All lines from the one including "Helnys Amber Flower" to the bottom of the entries below should be repeated exactly, both ends kept.

Segment Open

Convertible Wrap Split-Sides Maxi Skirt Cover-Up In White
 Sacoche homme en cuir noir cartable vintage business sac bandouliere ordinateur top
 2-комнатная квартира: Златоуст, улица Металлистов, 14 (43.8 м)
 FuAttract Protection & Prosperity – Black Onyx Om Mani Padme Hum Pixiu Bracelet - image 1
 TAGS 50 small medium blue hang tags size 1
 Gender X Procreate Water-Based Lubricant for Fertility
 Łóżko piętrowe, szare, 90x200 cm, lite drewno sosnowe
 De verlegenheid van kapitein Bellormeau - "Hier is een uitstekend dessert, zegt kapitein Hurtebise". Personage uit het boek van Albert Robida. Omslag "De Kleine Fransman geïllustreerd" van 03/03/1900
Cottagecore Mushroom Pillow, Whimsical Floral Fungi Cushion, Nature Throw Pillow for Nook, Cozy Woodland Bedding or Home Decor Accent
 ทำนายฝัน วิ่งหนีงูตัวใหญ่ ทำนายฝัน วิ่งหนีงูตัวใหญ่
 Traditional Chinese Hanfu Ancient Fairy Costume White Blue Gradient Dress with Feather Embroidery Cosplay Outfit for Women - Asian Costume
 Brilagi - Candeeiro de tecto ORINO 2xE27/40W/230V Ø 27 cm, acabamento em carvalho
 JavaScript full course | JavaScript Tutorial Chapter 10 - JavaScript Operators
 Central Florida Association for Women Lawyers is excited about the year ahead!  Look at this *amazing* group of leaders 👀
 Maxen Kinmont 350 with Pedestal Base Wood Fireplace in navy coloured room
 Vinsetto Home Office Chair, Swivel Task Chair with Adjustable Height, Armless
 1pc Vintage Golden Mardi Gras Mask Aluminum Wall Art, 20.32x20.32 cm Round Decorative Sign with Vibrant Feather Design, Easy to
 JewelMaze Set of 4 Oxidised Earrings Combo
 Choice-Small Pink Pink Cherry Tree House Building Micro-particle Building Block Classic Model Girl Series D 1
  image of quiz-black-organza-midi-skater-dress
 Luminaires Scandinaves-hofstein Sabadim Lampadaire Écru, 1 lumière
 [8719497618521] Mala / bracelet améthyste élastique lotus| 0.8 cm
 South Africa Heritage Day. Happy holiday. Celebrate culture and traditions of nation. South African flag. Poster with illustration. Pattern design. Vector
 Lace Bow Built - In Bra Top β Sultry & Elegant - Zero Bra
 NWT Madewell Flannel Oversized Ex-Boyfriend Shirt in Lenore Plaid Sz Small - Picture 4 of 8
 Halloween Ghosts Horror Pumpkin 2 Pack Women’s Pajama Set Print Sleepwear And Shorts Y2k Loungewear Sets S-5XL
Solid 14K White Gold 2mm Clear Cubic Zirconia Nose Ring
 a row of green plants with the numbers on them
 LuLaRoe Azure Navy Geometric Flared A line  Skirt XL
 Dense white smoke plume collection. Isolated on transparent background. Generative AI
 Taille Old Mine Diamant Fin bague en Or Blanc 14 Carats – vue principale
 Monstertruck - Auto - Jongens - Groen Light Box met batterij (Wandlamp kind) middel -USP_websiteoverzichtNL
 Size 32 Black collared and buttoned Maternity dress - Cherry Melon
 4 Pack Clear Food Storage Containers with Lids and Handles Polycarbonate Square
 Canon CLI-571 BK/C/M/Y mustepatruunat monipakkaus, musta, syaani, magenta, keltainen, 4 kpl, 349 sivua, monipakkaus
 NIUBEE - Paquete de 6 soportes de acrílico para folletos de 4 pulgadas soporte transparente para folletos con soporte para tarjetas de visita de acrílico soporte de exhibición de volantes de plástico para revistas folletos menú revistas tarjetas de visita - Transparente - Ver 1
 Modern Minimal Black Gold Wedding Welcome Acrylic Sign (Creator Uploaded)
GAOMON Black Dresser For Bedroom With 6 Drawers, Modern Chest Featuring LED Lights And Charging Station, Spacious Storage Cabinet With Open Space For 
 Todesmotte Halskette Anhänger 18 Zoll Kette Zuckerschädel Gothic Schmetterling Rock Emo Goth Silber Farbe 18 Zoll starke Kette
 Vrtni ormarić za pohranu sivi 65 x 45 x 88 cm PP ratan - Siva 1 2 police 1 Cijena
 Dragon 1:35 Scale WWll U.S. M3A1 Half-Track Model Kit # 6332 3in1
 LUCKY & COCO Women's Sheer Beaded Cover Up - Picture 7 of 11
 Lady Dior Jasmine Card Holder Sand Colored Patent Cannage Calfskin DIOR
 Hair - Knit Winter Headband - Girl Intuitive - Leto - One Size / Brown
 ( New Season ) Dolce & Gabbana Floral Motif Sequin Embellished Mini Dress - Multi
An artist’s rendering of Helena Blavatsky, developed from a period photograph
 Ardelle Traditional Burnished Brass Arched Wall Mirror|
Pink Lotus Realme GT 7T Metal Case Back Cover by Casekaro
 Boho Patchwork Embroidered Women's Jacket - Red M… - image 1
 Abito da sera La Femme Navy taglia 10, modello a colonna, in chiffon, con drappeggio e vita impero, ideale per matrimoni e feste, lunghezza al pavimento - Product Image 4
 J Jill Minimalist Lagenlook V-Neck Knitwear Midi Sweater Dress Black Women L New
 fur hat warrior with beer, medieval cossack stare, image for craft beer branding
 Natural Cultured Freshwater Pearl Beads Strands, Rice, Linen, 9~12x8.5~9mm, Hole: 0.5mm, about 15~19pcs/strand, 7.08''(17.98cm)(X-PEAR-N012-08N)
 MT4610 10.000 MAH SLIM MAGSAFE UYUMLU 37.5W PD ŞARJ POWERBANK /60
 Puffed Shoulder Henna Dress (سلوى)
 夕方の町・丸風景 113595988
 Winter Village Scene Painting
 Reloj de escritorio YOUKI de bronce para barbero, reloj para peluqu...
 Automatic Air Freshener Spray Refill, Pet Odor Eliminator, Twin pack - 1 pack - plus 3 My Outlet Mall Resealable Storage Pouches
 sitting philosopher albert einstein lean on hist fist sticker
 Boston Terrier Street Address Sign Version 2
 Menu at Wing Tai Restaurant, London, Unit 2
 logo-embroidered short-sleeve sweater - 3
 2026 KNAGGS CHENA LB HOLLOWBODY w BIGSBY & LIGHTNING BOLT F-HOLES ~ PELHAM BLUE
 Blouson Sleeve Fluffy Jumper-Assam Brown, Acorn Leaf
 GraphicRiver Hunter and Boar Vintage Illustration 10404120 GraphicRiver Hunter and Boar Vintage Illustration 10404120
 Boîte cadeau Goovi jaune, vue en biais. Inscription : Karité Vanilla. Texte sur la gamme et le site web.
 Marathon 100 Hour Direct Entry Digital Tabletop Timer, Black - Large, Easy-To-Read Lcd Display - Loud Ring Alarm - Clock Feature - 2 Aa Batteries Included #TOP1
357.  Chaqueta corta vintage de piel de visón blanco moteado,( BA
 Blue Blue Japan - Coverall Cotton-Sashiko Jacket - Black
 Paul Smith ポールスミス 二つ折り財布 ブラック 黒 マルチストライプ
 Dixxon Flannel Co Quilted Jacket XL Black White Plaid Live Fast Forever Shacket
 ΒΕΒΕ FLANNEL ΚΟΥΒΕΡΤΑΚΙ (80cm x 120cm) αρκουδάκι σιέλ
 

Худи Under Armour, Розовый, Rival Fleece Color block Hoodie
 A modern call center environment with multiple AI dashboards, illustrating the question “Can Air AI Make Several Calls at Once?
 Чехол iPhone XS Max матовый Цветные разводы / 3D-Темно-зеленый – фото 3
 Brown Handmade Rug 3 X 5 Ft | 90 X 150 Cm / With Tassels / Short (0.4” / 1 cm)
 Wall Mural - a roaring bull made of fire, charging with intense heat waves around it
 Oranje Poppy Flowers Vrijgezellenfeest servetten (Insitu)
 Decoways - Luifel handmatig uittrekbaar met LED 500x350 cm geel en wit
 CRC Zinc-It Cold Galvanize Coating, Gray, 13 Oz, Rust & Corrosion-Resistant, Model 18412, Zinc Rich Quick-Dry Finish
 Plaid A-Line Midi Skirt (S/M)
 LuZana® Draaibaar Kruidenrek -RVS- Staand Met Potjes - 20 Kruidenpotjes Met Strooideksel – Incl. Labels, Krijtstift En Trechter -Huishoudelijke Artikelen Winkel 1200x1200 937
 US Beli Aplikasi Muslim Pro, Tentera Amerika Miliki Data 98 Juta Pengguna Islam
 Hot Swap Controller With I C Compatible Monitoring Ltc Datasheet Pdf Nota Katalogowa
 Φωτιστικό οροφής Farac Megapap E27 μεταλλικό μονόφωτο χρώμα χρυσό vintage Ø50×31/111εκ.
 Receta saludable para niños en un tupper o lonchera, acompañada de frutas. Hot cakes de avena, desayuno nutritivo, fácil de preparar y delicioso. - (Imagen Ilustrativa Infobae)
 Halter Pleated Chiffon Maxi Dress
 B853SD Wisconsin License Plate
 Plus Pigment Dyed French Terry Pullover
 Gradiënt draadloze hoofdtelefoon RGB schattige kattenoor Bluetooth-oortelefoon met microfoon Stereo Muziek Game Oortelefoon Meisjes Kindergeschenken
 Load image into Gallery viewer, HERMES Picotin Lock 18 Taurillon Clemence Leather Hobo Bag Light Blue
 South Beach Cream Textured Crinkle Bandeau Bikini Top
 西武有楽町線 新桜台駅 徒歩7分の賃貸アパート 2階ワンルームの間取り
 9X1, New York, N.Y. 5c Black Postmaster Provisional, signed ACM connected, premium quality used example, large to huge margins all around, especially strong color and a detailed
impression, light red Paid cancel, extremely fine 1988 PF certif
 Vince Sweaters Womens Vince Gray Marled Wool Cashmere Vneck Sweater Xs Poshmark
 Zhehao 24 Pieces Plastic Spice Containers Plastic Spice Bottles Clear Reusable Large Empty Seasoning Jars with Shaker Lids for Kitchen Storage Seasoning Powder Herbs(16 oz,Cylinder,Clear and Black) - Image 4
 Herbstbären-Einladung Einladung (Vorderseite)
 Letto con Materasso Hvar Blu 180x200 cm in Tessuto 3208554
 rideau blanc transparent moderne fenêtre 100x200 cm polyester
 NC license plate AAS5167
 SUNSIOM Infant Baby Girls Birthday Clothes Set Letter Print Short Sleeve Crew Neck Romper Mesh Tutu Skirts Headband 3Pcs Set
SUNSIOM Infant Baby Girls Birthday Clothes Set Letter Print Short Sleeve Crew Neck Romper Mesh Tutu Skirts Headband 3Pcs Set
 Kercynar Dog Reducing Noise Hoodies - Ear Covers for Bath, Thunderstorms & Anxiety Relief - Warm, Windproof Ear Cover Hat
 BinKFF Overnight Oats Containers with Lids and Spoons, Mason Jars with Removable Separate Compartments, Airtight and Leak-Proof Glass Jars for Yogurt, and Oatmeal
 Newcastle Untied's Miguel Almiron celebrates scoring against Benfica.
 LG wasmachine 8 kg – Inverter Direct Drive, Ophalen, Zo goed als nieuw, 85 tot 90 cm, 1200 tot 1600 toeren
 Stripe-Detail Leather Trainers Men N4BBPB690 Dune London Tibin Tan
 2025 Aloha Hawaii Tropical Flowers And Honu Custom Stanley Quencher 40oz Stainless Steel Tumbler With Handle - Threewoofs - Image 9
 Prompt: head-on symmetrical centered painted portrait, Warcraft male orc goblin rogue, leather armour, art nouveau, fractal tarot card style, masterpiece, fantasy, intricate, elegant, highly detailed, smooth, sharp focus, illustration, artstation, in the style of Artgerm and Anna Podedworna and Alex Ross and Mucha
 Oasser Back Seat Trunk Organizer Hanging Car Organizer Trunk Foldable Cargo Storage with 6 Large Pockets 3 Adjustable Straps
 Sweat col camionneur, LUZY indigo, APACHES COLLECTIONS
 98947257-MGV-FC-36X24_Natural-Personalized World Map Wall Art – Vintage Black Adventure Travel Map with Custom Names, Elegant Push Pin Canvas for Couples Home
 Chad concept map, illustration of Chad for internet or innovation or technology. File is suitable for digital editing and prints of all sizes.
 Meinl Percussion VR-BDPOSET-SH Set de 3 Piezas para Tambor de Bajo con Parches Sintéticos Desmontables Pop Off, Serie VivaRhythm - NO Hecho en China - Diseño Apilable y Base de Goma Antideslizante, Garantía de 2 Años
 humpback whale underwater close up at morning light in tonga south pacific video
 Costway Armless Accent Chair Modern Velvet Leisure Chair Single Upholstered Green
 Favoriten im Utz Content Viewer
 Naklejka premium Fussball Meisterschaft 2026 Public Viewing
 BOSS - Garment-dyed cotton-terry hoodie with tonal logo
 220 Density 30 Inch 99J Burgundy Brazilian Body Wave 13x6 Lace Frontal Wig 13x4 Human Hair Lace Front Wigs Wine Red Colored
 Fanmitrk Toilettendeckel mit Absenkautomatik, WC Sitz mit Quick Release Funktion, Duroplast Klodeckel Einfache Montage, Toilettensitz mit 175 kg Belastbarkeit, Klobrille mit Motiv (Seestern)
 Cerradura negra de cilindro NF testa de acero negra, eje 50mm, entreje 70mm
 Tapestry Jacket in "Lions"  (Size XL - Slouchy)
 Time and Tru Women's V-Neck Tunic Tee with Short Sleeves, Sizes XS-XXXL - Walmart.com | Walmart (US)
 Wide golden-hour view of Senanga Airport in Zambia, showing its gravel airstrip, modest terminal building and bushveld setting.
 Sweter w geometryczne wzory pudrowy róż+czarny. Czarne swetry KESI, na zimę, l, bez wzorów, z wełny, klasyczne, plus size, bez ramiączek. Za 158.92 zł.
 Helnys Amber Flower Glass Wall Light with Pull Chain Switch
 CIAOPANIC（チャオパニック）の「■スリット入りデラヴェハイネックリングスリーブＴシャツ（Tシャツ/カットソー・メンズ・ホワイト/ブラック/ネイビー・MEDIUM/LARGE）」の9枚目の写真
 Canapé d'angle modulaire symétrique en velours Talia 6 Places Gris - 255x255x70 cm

Segment Closed

■ Result for this exercise ■
 Helnys Amber Flower Glass Wall Light with Pull Chain Switch
 CIAOPANIC（チャオパニック）の「■スリット入りデラヴェハイネックリングスリーブＴシャツ（Tシャツ/カットソー・メンズ・ホワイト/ブラック/ネイビー・MEDIUM/LARGE）」の9枚目の写真
 Canapé d'angle modulaire symétrique en velours Talia 6 Places Gris - 255x255x70 cm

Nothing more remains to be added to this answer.